Response Options: -rj [R]esponse mode JSON: model outputs a JSON object -rf schemafile Structured output: requests that the [r]esponse conforms to the given JSON schema read from a [f]ile. -ra attr1,... Structured output [r]esponse - JSON with [a]ttributes: comma separated list of attributes to include in the JSON response. Alternative to -rf - creates a simple schema with these attributes as string properties. -rar attr1,... Structured output for JSON [r]esponse [ar]ray of objects with the given attributes - e.g. for extracting a list of entities from an input. Alternative to -rf and -ra , all are string properties.

If I want, e.g., to extract the author and talk title from the first slide, I can use the -ra option:

chatgpt -i slides-01.png -ra author,title "Print talk author and talk title as JSON"

That prints

{ "author": "Dr. Hans-Peter Störr, IST GmbH Dresden", "title": "Composum AI - Supporting the Content Author with LLM" }

Under the hood it creates a JSON schema for that object for you, so you don't have to bother with that. Or let's create a list of objects:

chatgpt $(printf -- '-i slides-%02d.png ' {1..31}) -rar name,description 'print the slide name and a content description as JSON'

returns

[ { "name": "Slide 1", "description": "Introduction to the presentation and overview of the conference." }, { "name": "Slide 2", "description": "Details on the talk's content, focusing on the functionalities of Composum AI." }, { "name": "Slide 3", "description": "Introduction to Dr. Hans-Peter Störr and his background." }, ... ]
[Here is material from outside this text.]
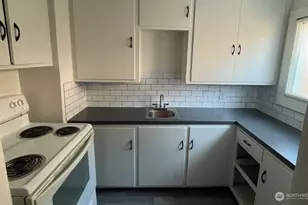 520 N 1st St, Mount Vernon, WA 98273 - Photo 8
Update: I've also added the possibility to have numeric or boolean attributes and string arrays:

chatgpt -ra a:stringarray,n:numericattr,i:integerattr,b:booleanattr,a:i:integerarray ...

Response Options: -rj [R]esponse mode JSON: model outputs a JSON object -rf schemafile Structured output: requests that the [r]esponse conforms to the given JSON schema read from a [f]ile. -ra attr1,... Structured output [r]esponse - JSON with [a]ttributes: comma separated list of attributes to include in the JSON response. Alternative to -rf - creates a simple schema with these attributes. By default they are strings; if you add a prefix "a:" it'll be an array of strings, "i:" and integer, "n:" a number, "b:" a boolean. Can be joined: "a:i:foo" is an array of integers. -rar attr1,... Structured output for JSON [r]esponse [ar]ray of objects with the given attributes - e.g. for extracting a list of entities from an input. Alternative to -rf and -ra , all are string properties or other, see -ra.

BTW: if you get confused by all the chatgpt options - how about using the built in help feature -ha:

chatgpt -ha how can I take the prompt from prompt.mp3

Conclusion

The chatgpt tool from my ChatGPT toolsuite makes it easy to use OpenAI's Structured output to generate machine readable output for the tasks you want the AI to do, and opens many possibilities to join with other tools using the best Unix spirit of combining small tools to do great things. Give it a try! I've been using that from extracting URLs from screenshots, categorizing banking statements, extracting information from webpages, asking quick questions to ChatGPT from the command line, and many more things.